Essa circunstância independe da vontade tanto do produtor do trigo quanto dos outros possuidores de mercadorias. A grandeza de valor da mercadoria expressa, portanto, uma relação necessária – e imanente ao seu processo constitutivo – com o tempo de trabalho social. Com a transformação da grandeza de valor em preço, essa relação necessária aparece como relação de troca entre uma mercadoria e a mercadoria-dinheiro existente fora dela. Nessa relação, porém, é igualmente possível que se expresse a grandeza de valor da mercadoria, como o mais ou o menos pelo qual ela vendável sob dadas circunstâncias.
A possibilidade de uma incongruência quantitativa entre preço e grandeza de valor, ou o desvio do preço em relação à grandeza de valor, reside, portanto, na própria forma preço. Isso não é nenhum defeito dessa forma, mas, ao contrário, aquilo que faz dela a forma adequada a um modo de produção em que a regra só se pode impor como a lei média do desregramento que se aplica cegamente. Mas a forma-preço permite não apenas a possibilidade de uma incongruência quantitativa entre grandeza de valor e preço, isto é, entre a grandeza de valor e sua própria expressão monetária, mas pode abrigar uma contradição qualitativa, de modo que o preço deixe absolutamente de ser expressão de valor, embora o dinheiro não seja mais do que a forma de valor das mercadorias.
Assim, coisas que em si mesmas não são mercadorias, como a consciência, a honra etc. podem ser compradas de seus possuidores com dinheiro e, mediante seu preço, assumir a forma-mercadoria, de modo que uma coisa pode formalmente ter um preço mesmo sem ter valor. A expressão do preço se torna aqui imaginária tal como certas grandezas da matemática.

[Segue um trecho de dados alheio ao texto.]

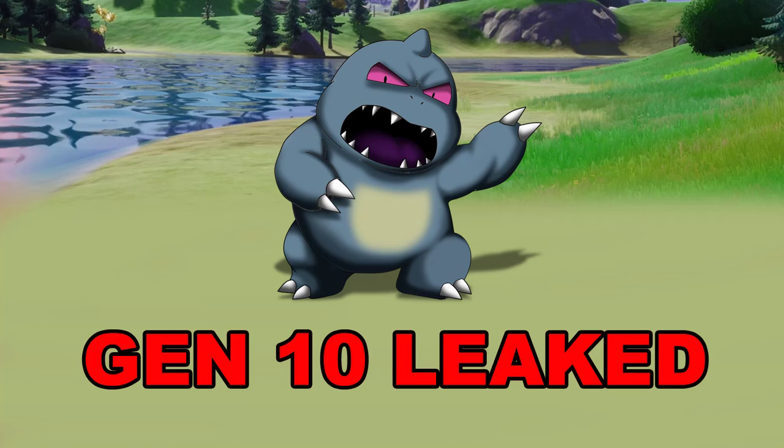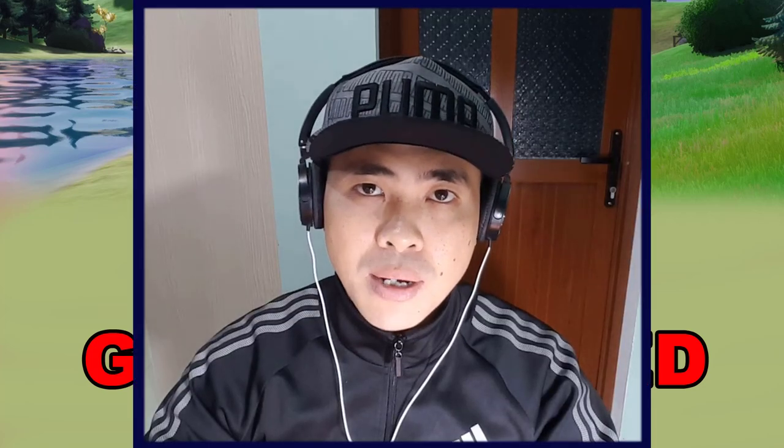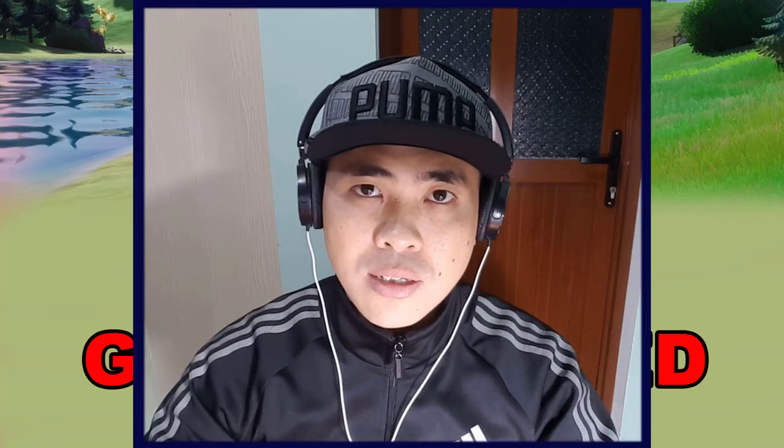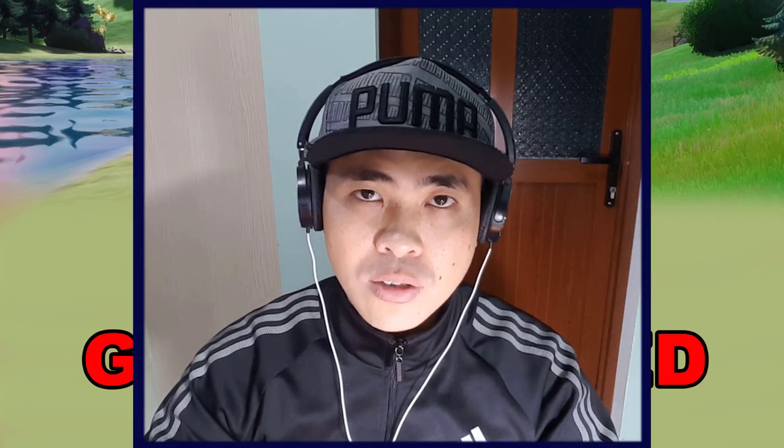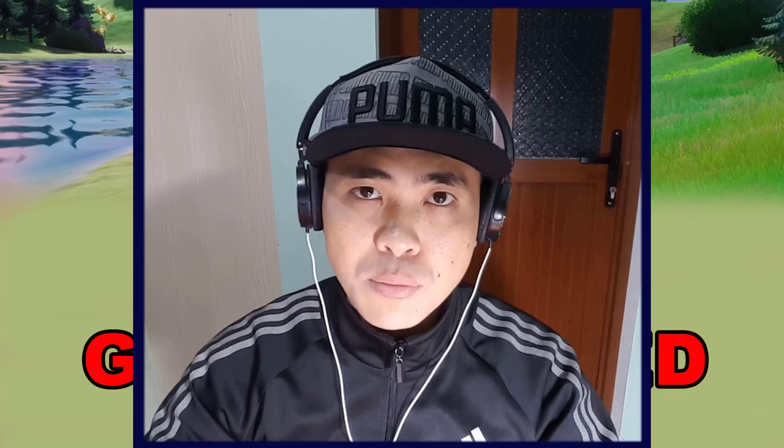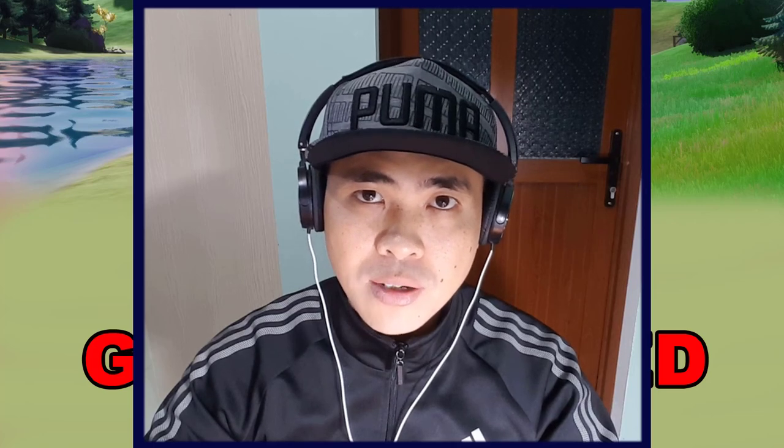Cảm ơn các bạn đã bỏ thời gian theo dõi video. Hãy cho chúng tôi xin 1 like, 1 sub, 1 comment nếu các bạn cảm thấy thời gian xem video là không thừa thải.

Por outro lado, também a forma-preço imaginária – como o preço do solo não cultivado, que não tem valor porque nele nenhum trabalho humano está objetivado –, abriga uma relação efetiva de valor ou uma relação dela derivada.
Do mesmo modo que a forma de valor relativa em geral, o preço expressa o valor de 140 uma mercadoria, por exemplo, 1 tonelada de ferro, permitindo que determinada quantidade de equivalente, por exemplo, 1 onça de ouro, seja imediatamente permutável pelo ferro, mas de modo nenhum em sentido inverso, de modo que o ferro seja imediatamente permutável pelo ouro. A fim de exercer praticamente o efeito de um valor de troca, a mercadoria tem de se despojar de seu corpo natural, transformando-se de ouro apenas representado em ouro real, mesmo que essa transubstanciação possa ser-lhe mais “amarga” do que o é, para o “conceito” hegeliano, a transição da necessidade à liberdade, ou para uma lagosta a perfuração de sua couraça, ou para São Jerônimo a supressão do velho Adão.
No preço, a mercadoria pode possuir, ao lado de sua forma real – ferro etc. –, uma figura de valor ideal ou uma forma-ouro representada, porém não pode ser a um só tempo realmente ferro e realmente ouro. Para o estabelecimento de seu preço basta equipará-la ao ouro representado, mas, para servir a seu possuidor como equivalente universal, ela tem de ser substituída realmente pelo ouro. Se, por exemplo, o possuidor do ferro se encontrasse diante do possuidor de outra mercadoria qualquer e lhe referisse o preço do ferro, que se encontra na forma-dinheiro, ele lhe responderia tal como São Pedro respondeu a
Dante no Paraíso, depois deste último ter-lhe recitado o credo:
“Assai bene è trascorsa D’esta moneta già la lega e’l peso, Ma dimmi se tu l’hai nella tua borsa.”c A forma-preço inclui a possibilidade da venda das mercadorias por dinheiro e a necessidade dessa venda. Por outro lado, o ouro funciona como medida ideal de valor apenas porque ele já se estabeleceu como mercadoria-dinheiro no processo de troca. Sob a medida ideal dos valores esconde-se, à espreita, o dinheiro vivo.